Acabo de saber pela Talitha, filha do Antônio Claudio, que ele passa bem.
Após fazer o cateterismo passou por uma Angioplastia e deve ter alta ainda hoje, domingo ou no máximo amanhã!
Para conhecermos os procedimentos que foram executados, transcrevemos abaixo o texto divulgado no site do Hospital Santa Lucia:
Angioplastia
O que é?
É uma técnica que utiliza um minúsculo balão inflado dentro da artéria obstruída com placas de gordura e sangue, além de uma minitela de aço que, aberta, facilita a passagem do sangue. O procedimento é usado desde 1983 nos EUA e chegou ao Brasil na década atual. Agora, os pacientes também recebem, durante a operação, uma substância que impede o reinfarto.
A substância abciximab, descoberta recentemente, impede a união de plaquetas - células sanguíneas que impedem os sangramentos.
O abciximab torna mais eficiente a cirurgia e reduziu para 4% a mortalidade entre infartados atendidos em hospitais.
Restrições
Não pode ser usada em:
pessoas com mais de 80 anos;
pacientes que sofrem de doenças hemorrágicas, pois o remédio impede a coagulação;
quem fez a cirurgia nos últimos 6 meses;
quem sofreu derrame cerebral nos últimos dois anos. Derrame é uma hemorragia em um vaso do cérebro.

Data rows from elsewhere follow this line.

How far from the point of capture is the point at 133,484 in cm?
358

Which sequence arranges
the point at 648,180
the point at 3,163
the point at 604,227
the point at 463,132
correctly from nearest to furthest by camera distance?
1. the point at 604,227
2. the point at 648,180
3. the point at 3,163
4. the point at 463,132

O cateterismo é o primeiro passo. Para ver o local da obstrução, é inserido um cateter (tubo com um visor) que identifica até onde o sangue ainda chega dentro da artéria.
Identificada a área obstruída, coloca-se um fio através do cateter. Há um balão vazio nesse fio, que é inflado no local de bloqueio, esmagando as placas que provocaram o entupimento. Uma evolução: o stent (tela de aço inoxidável) acompanha o balão e consegue aumentar a eficácia do procedimento.
Além de esmagar a placa de obstrução, o balão, quando cheio, monta o stent. A tela de aço, já montada, cola na parede interna da artéria e impede que esta se feche.
O balão que acompanhou o fio durante a angioplastia esvazia e é retirado da artéria. Mas o stent permanece. No momento em que o balão seca, o sangue volta a circular normalmente.
Depois de instalado o stent, o fio é retirado junto com o tubo do catéter que lhe deu passagem. As chances de sucesso da angioplastia com stent chegam a 98%.
Remédio convencional
O trombolítico é um remédio usado para destruir os coágulos de sangue que se formam em torno das placas de gordura acumuladas dentro da artéria. É um medicamento capaz de desobstruir a artéria, mas só atua sobre as células de sangue. A placa de gordura permanece.
As plaquetas
(1) - Plaqueta
(2) - Agregação excessiva de plaquetas O entupimento nas artérias não se deve unicamente ao acúmulo de gordura (colesterol). As placas gordurosas machucam a parede interna das artérias e provocam sangramentos. O sangue, então, também se concentra e forma coágulos. Além disso, as plaquetas (células do sangue que, quando unidas, bloqueiam o sangramento) também se juntam e aumentam a placa de obstrução da artéria.
O novo remédio
Uma nova substância, chamada abciximab (de nome comercial ReoPro) aumentou a eficácia da angioplastia. Sua função é a de impedir que as plaquetas se unam e, portanto, evitar a formação de obstruções dentro das artérias. Sem a agregação das plaquetas, a artéria corre menos risco de entupir novamente. Mostrou ter conseguido reduzir em 50% um segundo infarto ou a morte.
(1) - O Abciximab impede que as plaquetas se unam
(2) - Agregação plaquetária inibida.
Histórico
Em 1.960, a mortalidade dos pacientes que chegavam ao hospital com infarto agudo era de 20%. A partir de 1.980 (com o uso de trombolíticos) esse número caiu para 10%. Dez anos mais tarde, ano em que passou a se usar a angioplastia a mortalidade reduziu para 4%.